Each model in a model repository resides in its own sub-directory. The activity allowed on the contents of a model's sub-directory varies depending on how Triton is using that model. The state of a model can be determined by using the model metadata or repository index APIs.

  • If the model is actively loading or unloading, no files or directories within that sub-directory must be added, removed or modified.

  • If the model has never been loaded or has been completely unloaded, then the entire model sub-directory can be removed or any of its contents can be added, removed or modified.

  • If the model has been completely loaded then any files or directories within that sub-directory can be added, removed or modified; except for shared libraries implementing the model's backend.

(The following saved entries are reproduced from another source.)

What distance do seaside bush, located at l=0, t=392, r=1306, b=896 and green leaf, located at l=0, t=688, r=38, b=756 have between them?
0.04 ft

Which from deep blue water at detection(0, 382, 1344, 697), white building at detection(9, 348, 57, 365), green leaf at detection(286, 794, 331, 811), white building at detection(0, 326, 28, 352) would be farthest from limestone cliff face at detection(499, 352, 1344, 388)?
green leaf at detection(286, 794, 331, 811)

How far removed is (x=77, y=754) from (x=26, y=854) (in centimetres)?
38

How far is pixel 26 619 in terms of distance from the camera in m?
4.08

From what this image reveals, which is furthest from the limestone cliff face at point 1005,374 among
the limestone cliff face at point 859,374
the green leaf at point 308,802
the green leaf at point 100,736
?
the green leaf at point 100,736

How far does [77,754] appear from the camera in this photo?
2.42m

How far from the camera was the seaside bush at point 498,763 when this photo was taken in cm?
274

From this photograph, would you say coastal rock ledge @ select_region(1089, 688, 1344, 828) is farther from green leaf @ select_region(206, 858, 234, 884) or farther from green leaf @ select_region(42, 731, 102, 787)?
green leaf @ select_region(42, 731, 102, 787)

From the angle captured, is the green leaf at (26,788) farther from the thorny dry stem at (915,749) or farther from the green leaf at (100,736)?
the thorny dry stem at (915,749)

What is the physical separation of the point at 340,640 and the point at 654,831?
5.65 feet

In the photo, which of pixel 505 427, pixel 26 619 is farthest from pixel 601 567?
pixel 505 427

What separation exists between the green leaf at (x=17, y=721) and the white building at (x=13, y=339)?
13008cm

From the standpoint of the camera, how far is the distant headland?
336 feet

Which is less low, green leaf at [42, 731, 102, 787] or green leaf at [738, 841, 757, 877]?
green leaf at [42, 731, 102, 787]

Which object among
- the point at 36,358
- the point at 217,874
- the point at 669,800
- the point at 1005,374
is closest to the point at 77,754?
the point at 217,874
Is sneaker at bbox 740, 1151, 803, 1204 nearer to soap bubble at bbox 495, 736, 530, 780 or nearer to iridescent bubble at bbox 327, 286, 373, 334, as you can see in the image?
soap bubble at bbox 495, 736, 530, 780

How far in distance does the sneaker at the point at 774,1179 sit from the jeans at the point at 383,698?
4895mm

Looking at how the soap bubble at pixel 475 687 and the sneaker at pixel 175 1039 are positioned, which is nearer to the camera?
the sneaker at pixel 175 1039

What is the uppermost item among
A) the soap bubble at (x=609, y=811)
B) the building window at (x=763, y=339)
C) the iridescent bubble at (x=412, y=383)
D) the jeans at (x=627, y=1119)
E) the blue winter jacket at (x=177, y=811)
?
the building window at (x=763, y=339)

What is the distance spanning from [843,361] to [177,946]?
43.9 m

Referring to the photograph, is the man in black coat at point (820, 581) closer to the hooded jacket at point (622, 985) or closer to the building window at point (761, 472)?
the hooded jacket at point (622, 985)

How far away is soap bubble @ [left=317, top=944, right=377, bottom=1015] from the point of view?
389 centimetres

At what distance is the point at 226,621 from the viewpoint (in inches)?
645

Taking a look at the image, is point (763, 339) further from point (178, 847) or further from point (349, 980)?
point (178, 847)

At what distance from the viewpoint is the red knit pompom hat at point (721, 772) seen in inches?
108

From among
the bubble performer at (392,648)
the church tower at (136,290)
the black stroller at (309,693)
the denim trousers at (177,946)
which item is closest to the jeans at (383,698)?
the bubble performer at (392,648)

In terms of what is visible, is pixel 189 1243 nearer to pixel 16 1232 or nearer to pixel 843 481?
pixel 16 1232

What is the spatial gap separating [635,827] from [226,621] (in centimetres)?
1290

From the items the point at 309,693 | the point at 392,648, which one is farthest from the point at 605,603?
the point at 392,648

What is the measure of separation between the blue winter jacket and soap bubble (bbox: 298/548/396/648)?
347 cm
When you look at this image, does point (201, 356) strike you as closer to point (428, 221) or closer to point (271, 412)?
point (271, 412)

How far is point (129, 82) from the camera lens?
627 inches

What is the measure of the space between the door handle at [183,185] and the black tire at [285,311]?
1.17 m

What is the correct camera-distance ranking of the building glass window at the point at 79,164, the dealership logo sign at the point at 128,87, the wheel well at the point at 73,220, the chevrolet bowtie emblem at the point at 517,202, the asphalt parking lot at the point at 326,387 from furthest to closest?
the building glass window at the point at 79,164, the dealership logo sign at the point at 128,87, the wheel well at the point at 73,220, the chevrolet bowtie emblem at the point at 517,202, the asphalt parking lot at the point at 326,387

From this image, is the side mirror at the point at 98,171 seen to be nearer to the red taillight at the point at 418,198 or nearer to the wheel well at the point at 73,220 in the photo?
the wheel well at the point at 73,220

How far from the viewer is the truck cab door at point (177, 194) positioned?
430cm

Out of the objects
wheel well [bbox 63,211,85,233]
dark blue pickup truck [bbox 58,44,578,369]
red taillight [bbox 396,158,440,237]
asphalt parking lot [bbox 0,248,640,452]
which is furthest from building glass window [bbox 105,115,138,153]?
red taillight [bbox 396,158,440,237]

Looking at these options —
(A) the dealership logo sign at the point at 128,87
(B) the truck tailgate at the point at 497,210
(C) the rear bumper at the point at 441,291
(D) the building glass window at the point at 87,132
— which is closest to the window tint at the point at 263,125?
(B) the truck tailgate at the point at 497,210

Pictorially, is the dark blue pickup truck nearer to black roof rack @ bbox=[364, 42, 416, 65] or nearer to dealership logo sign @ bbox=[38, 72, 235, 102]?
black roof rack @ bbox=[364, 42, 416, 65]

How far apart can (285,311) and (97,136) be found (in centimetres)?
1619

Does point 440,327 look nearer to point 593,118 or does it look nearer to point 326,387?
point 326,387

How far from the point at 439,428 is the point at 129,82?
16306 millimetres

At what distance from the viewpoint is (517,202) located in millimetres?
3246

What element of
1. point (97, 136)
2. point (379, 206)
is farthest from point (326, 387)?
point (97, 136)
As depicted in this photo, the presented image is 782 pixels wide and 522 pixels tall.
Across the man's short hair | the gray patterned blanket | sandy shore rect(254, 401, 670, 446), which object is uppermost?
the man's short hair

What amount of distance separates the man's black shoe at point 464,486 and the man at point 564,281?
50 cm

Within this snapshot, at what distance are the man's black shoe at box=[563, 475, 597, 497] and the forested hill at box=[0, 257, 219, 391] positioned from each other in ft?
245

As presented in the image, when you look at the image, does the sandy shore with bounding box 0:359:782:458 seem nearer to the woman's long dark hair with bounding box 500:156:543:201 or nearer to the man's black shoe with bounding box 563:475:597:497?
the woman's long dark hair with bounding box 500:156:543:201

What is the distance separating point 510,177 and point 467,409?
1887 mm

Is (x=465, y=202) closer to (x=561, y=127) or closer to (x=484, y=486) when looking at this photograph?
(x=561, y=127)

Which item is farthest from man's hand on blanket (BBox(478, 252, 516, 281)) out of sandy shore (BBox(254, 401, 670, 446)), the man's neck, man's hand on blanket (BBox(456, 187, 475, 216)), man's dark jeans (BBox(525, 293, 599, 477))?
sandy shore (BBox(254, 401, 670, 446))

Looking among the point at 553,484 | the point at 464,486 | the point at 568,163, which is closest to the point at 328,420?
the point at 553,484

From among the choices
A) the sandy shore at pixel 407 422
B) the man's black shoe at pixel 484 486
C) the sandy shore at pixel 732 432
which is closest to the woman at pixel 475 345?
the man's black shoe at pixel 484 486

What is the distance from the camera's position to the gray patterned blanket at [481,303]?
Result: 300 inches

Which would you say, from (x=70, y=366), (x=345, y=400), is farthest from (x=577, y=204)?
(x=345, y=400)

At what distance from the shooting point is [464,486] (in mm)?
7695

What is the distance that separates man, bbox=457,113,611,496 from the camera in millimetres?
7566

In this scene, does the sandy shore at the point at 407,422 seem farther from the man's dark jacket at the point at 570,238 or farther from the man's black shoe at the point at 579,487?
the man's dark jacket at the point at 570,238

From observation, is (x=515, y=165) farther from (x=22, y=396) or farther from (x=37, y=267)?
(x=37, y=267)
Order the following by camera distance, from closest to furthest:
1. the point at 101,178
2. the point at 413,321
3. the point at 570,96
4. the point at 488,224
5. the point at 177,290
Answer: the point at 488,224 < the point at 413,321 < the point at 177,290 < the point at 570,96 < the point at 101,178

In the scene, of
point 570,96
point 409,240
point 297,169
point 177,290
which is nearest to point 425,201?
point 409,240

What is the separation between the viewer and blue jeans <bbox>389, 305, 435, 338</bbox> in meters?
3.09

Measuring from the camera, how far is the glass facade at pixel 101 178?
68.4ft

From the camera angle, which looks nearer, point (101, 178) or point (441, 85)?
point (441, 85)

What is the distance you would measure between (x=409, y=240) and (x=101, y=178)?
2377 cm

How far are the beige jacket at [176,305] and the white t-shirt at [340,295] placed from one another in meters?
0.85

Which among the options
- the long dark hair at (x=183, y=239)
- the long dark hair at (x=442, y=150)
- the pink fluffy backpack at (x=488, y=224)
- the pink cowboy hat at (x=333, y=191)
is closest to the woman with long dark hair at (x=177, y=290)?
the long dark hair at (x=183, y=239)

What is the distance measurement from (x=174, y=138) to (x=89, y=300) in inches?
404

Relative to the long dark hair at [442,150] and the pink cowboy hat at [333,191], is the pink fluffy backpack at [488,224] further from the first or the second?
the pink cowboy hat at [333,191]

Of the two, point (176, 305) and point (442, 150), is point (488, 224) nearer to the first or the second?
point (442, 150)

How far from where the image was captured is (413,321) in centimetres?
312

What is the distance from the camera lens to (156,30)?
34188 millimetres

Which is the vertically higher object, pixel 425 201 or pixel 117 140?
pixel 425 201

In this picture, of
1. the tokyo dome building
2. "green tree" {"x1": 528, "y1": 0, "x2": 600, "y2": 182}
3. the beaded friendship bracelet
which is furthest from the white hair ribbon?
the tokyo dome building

Triton uses the backend shared libraries while the model is loading so removing or modifying them will likely cause Triton to crash. To update a model's backend you must first unload the model completely, modify the backend shared libraries, and then reload the model. On some OSes it may also be possible to simply move the existing shared-libraries to another location outside of the model repository, copy in the new shared libraries, and then reload the model.

Concurrently Loading Models

To reduce service downtime, Triton loads new models in the background while continuing to serve inferences on existing models. Based on use case and performance requirements, the optimal amount of resources dedicated to loading models may differ. Triton exposes a --model-load-thread-count option to configure the number of threads dedicated to loading models, which defaults to twice the number of CPU cores (2*num_cpus) visible to the server.

To set this parameter with the C API, refer to TRITONSERVER_ServerOptionsSetModelLoadThreadCount in tritonserver.h.